Exercise 7E

Conservation of Vector Momentum

So, we know that momentum and impulse are vectors (Ex 7B), and we know that, in a collision, momentum is conserved (Ex 7D)...

...so, simply by applying conservation of momentum to cases where the momentum is given as a vector, we can understand questions involving conservation of vector momentum...

e.g. A 3 kg particle, travelling at 40 m/s due east, strikes a stationary body of mass 5 kg.
After the collision, the 5 kg particle moves on a bearing of 120°N at 15 m/s.
What is the speed of the 3 kg particle after the collision?

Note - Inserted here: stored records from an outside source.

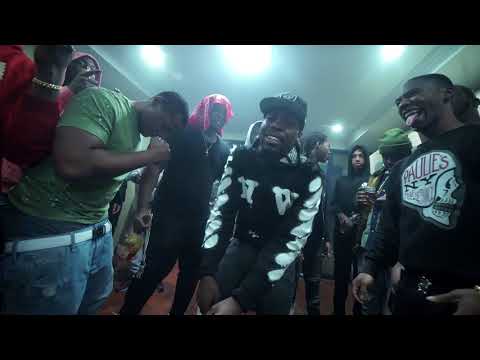 O Boogie x Na Finesse - Show Up ( Official Music Video )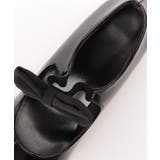 ビッグ リボン エナメル調 | レースレディース  | 詳細画像15 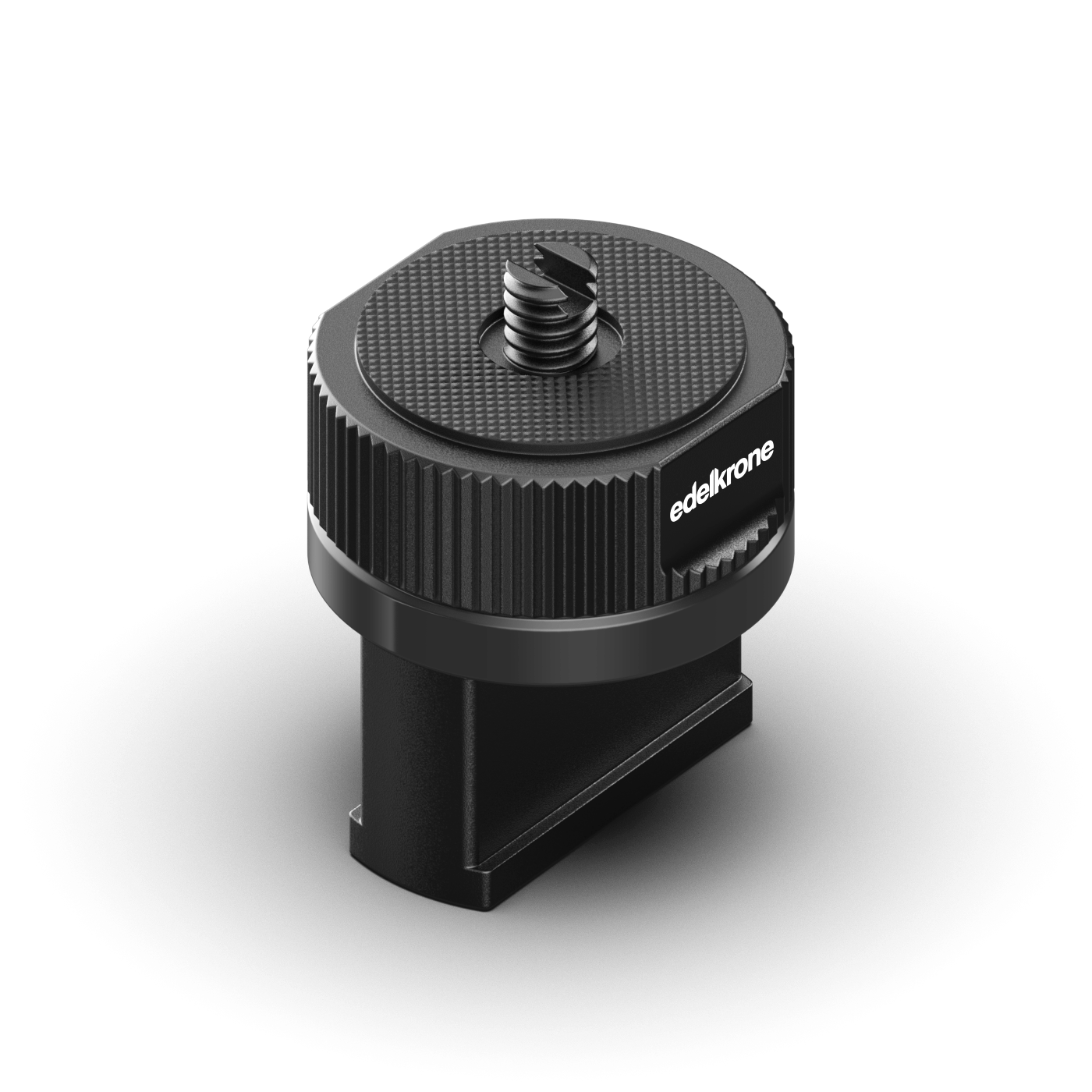 Edelkrone KIT PhoneCLIP support smartphone alu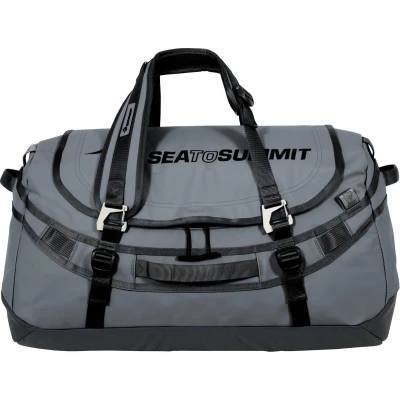 Afbeelding van Sea to summit Duffle bag 90 l grijs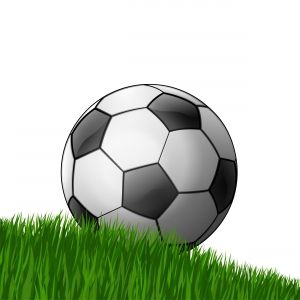 Soccer ball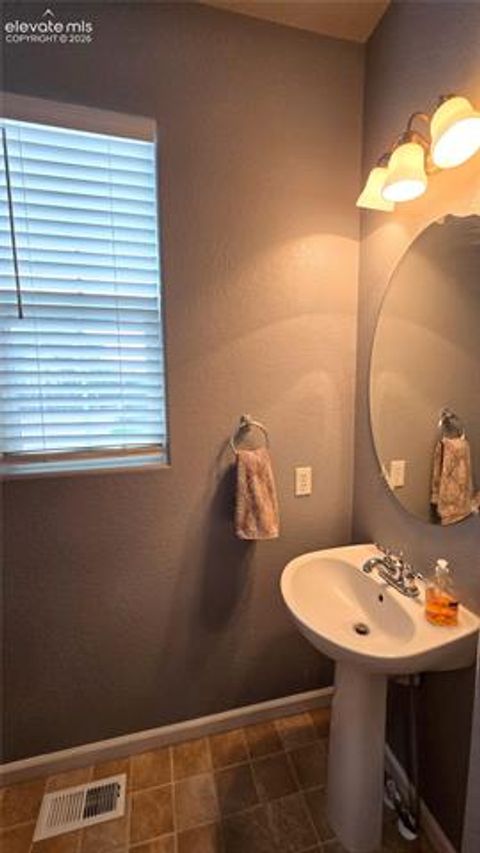 Tiny photo for 11844 Pei Grove, Peyton, CO 80831 (MLS # 5674750)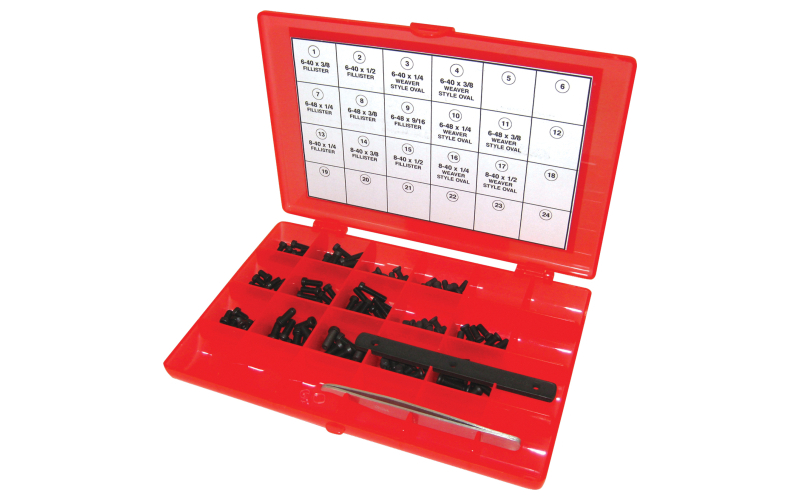 PKMYR MASTER GUNSMITH HEX HEAD SET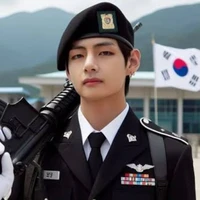 Kim Taehyung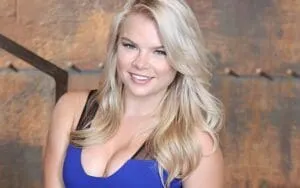 ‘Goodbye For Now’ Says ‘Y&R’s’ Kelli Goss to Fans
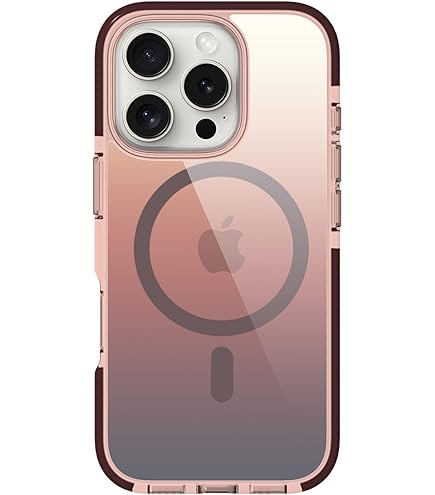 Amazon.com: Prodigee iPhone 14 Pro Max Safetee Neo Lilac + Mag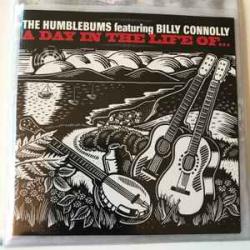 HUMBLEBUMS FEATURING BILLY CONNOLLY A DAY IN THE LIFE OF... Фирменный CD HUMBLEBUMS FEATURING BILLY CONNOLLY A DAY IN THE LIFE OF... Фирменный CD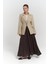 Mai Lecco Dar Kesim Olive Green Blazer 1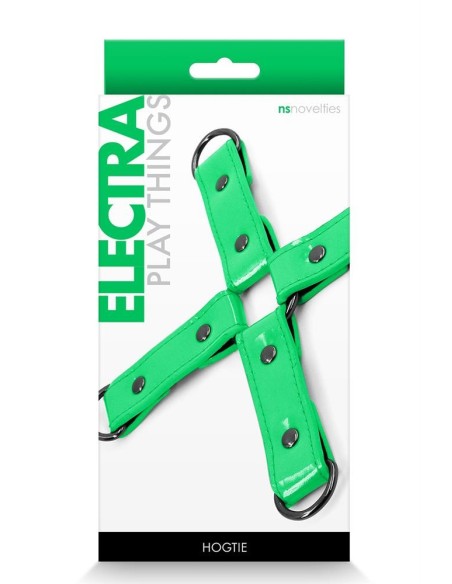 ELECTRA HOG TIE GREEN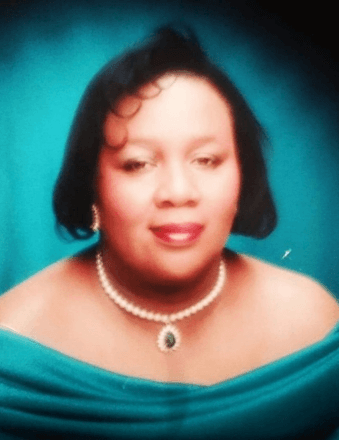 Gladys Denise (Robertson) Hayes Obituary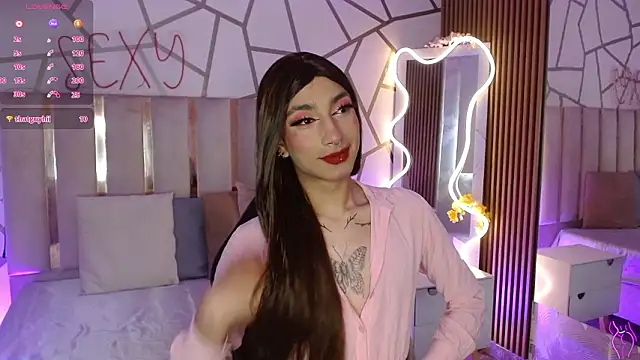 Snapshot of CYRUS_TAY chatting on March 9, 2026, 12:30 pm CYRUS TAY online show from March 9, 2026, 12:30 pm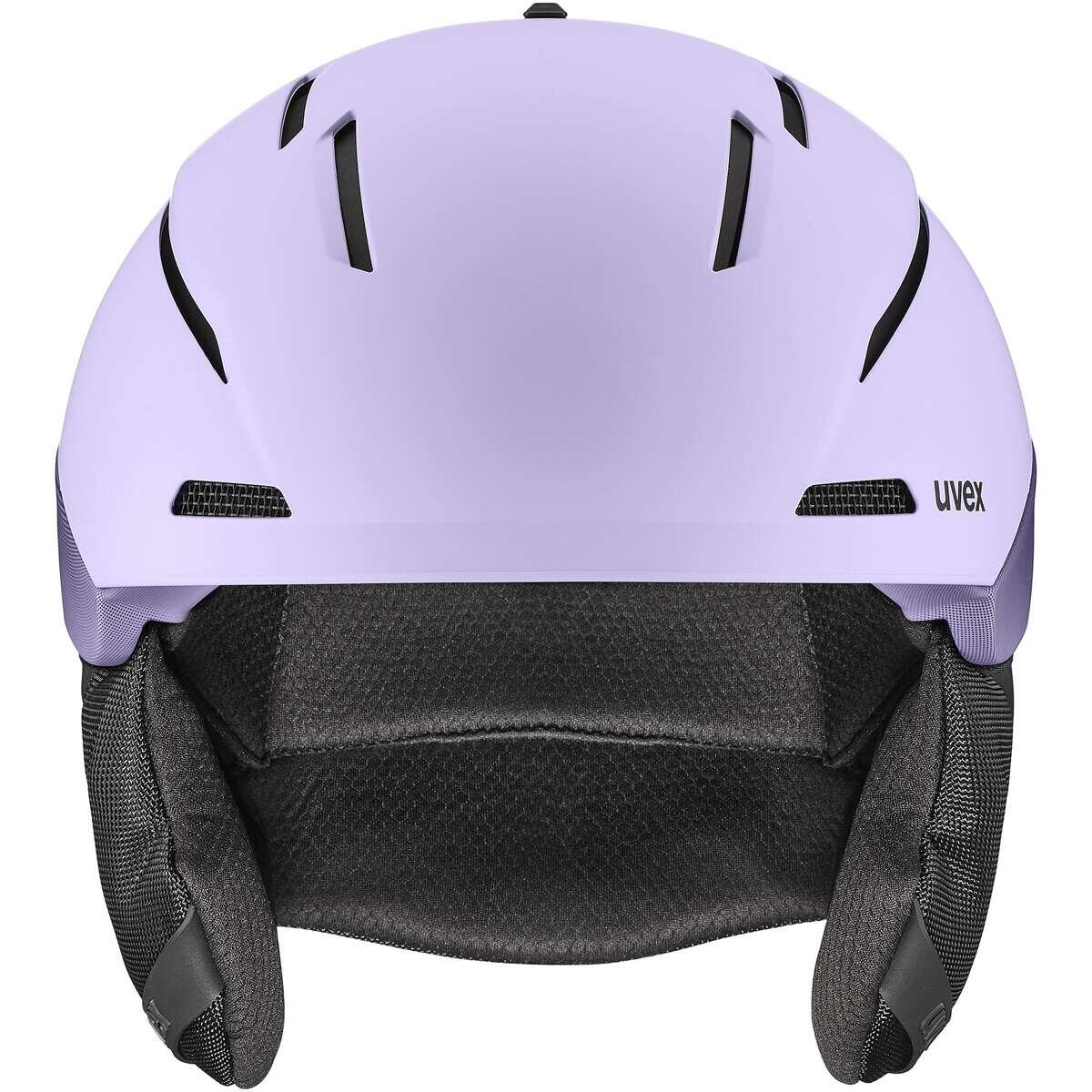 Casco de esquí Uvex Gravitate 2/4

So, our before and after diagrams look like this:

We want to find the speed (which is a scalar) of the blue particle after the collision, but since we will start off by using vector momentum, I will show the Horizontal and Vertical components of the velocity of the blue particle:

Then applying conservation of momentum separately along x (then along y):

CoM (along x): (3)(40) + (5)(0) = (3)(H) + (5)(15cos30)    ───────►  H = 18.35 m/s
	
CoM (along y):  (3)(0) + (0)(0) = (3)(V) + (5)(-15sin30)   ───────►  V = 12.5 m/s

So, we've worked out the vertical and horizontal components of the velocity of the blue blob, after the collision - bu they want the SPEED of the blue blob:

√18.35² + 12.5² = 22.2 m/s

Question 1: So, our before and after diagrams look like this:

Now, since are are going to be using vectors, let's find the horizontal and vertical components for the 600 m/s, but for the v, let's just write the horizontal and vertical components of v as H and V:

Then applying conservation of momentum separately along x (then along y):

CoM (along x):  (30)(0)  = (10)(600cos45) + (20)(-H)    ───────►  H = ... m/s
	
CoM (along y): (30)(400) = (10)(600sin45) + (20)(-V)    ───────►  V = ... m/s

So, we've worked out the vertical and horizontal components of the velocity of the black fragment, after the collision - but they want its SPEED:

√...² + ...² = ... m/s

Question 2: Let's imagine the 1.2 kg stone is sliding to the right at 16 m/s, and lets imagine that, after the collision, it is moving at 10 m/s at 60° above the x-axis...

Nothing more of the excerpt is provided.